8. Certain equipment, acquired for logging operations but not covered by class 10(n), ordinarily will also fall within the scope of one of the following paragraphs of class 10: 10(a) - automotive equipment. 10(c), (d) or (e) - harness or stable equipment, sleighs, wagons or trailers. 10(o) - mechanical equipment, not including property described in class 7 (see Boats, below).

Electrical generating equipment, radiocommunication equipment, and miscellaneous equipment which is not specifically described in another class, may be property to be included under paragraph (f), (j) or (i) respectively of class 8. Any of the above noted equipment that was acquired for use in respect of one timber limit only and will be of no further use after all the merchantable timber has been removed from that limit may be classified under class 15 for allowances based on the production from the limit. As discussed in 5 above, the classification of equipment acquired for use at one timber limit as property of any class other than class 10 will prevent the classification of any other property of the taxpayer under paragraph (n) of class 10. Also, logging equipment is excluded from class 29 by virtue of Regulation 1104(9)(b).

9. Examples of specialized logging equipment which may be included in class 10 are as follows:

(a) Automotive equipment - trucks, tractors, skidders, "tree harvesters", self-propelled cranes, and power-operated movable road-building equipment acquired by a logger to construct roads to or in the timber limits of the logger.

(b) Mechanical equipment (when acquired for logging operations) - yarders, sulkies, logging arches, slashers, barkers, loaders, unloaders, hoists, winches, garage equipment, machine shop equipment, blacksmith shop equipment and railway locomotives and rolling stock.

Boats

10. Canoes, rowboats, scows, tugboats and other vessels and their fittings may not be classified as mechanical equipment acquired for logging operations under paragraph (o) of class 10. Normally they are included as property of class 7 (see IT-267R). Where a boat is acquired for use in respect of one timber limit only and will be abandoned when all the merchantable timber has been removed from that limit, it may be classified as property to be included in paragraph (n) of class 10 or in class 15 (see 5 above).

Boomchains

11. Boomchains represent supplies to be accounted for as inventory of the taxpayer.

Power Saws

12. The Department is prepared to allow a taxpayer who is required by a contract of employment to supply a power saw to deduct from income the cost of the power saw in the year of purchase.
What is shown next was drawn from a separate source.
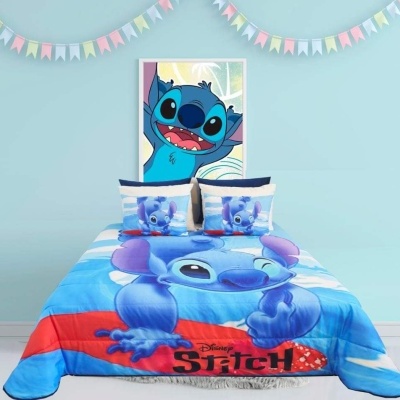 Cama com edredão e almofadas com estampa do Stitch da Disney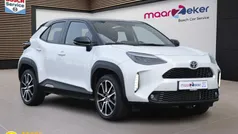 Wit, metallic lak Gebruikt 2023 Toyota Yaris Cross Sport SUV | € 29.750 (Eerlijke prijs)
The Department's practice is set out in Information Circular 74-6R, "Power Saw Expenses".

Leased Logging Equipment

13. Leasing equipment acquired by a taxpayer and subsequently leased to a person carrying on a logging operation is normally not considered to have been acquired by the lessor for logging operations. Instead, it is considered to have been acquired for the purpose of leasing. Accordingly, such property is included in the class in which it is otherwise described, and not in paragraph (o) of class 10. However, the lessor may be considered to have acquired the property for logging operations in the following circumstances,

(a) where the property acquired is specialized logging equipment and cannot conveniently be used for purposes other than logging, or

(b) where the property, although it is capable of being used for purposes other than logging, is acquired specifically to be leased out to a person to be used in that person's logging operations. In either case, the lessor may include the property in class 10 by virtue of paragraph (o) thereof.